One day Diedra invited me to spend the day at her mother’s shop. It was an old wooden building full of all kinds of odds and ends. Everything from antiques to used books. Glenda had beaten cancer and was enjoying each and every day. I pondered going down to the building. I wanted to see the two of them and get out of the house but the doctors had successfully filled my head with fear about my lungs and my biggest enemy being dust.
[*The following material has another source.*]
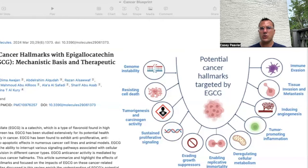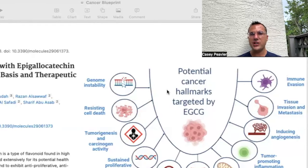Looking at the cancer hallmarks affected by EGCG: starting from the top left, it assists with genomic instability, resistance to cancer cell death and anti-apoptosis mechanisms, tumorigenesis and carcinogenic activity, sustained proliferative signaling, evasion of growth suppressors, enabling replicative immortality, deregulating cell metabolism, tumor-promoting inflammation, induction of angiogenesis, tissue invasion and metastases, and immunization. Given its multiple mechanisms, EGCG is one of the most powerful tools we have in our tool bag against this disease.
Saturday morning came and the urge to spend the day with Glenda and Diedra outweighed the doctor’s warnings. I remember the three of us sitting and talking the afternoon away. We talked about family, literature, friends, and the past all while customers strolled through the store. Previous students would stop in and Glenda would always call them by name no matter how many years had passed since she had taught them. This was almost always followed by a hug and a warm smile. Glenda always had her little notebook jotting things down after each person would leave. I finally asked what she was writing and she said, “Oh, just this and that about the people I run across during my day.” I ended up spending the next three Saturdays there before Diedra moved away to California somewhere around the Spring of 2011.
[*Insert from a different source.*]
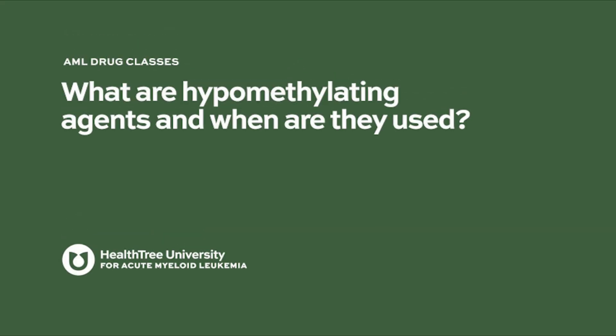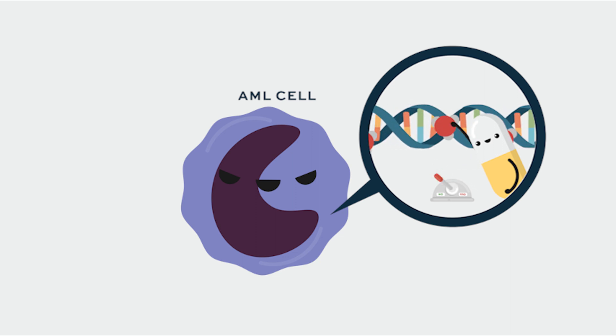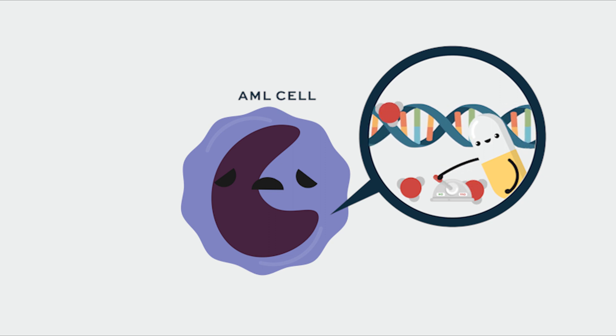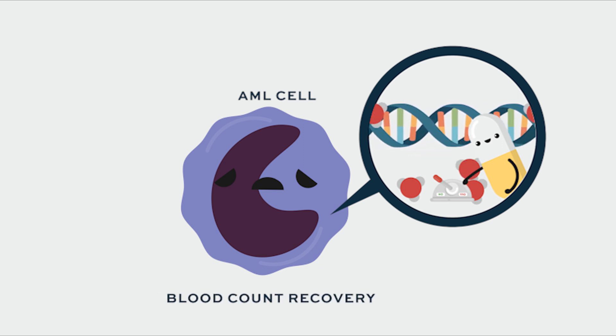Hypomethylating agents are low-dose chemotherapy drugs that go into the DNA and RNA of cancer cells and turn genes on and off. They remove methyl groups that sit on the DNA and prevent it from transcribing into RNA and proteins. By altering the DNA-RNA interactions in the cells, they turn on genes that have been turned off in the process of leukemia, allowing normal hematopoiesis and normal count recovery to occur.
Since then all has seemed to be a whirlwind in my life. Time goes faster and faster with each passing year. I did manage to call Diedra on her birthday this September and she returned my call while I was on my fifteen minute break at work. We didn’t have long to talk but she filled me in briefly about her mother’s cancer numbers acting up and that she might be fighting it again. I told her I would keep positive thoughts going her and Glenda’s way. A short time later, I found out Glenda’s fight had begun once more.      

Glenda was a teacher by profession but her teaching skills went far beyond the walls of a school. Her study was life and the people she came in contact with each and every day. Her example of grace, kindness, and understanding is one we all should look upon for guidance in our everyday lives. Be kind to others, for your days with them are most certainly numbered. No one lives forever and life moves at an unforgiving speed especially the older we get. Treat people the way you would want to be treated and always give of your best, all the way down to the smallest detail like pronouncing someone’s name correctly. But most of all, live every moment with meaning. Don’t waste your days with the negative, fill your days with the positive.      

For years I’ve pondered the saying “rest in peace.” As I write this and think of Glenda passing, I think these words are not fitting for her. The words should be awake in peace. Your spirit is now on the other side. Unlike this world where our feelings are constantly dictated by our body’s need for food and sleep, or being worn down by sickness, anxiety, or depression. Glenda is in a place of love surrounded by the loved ones of the past. She now runs a store in Heaven. Her inventory is the loving memories and prayers we now send her. Notebook in hand she awaits our arrival most certainly with a wink and a smile.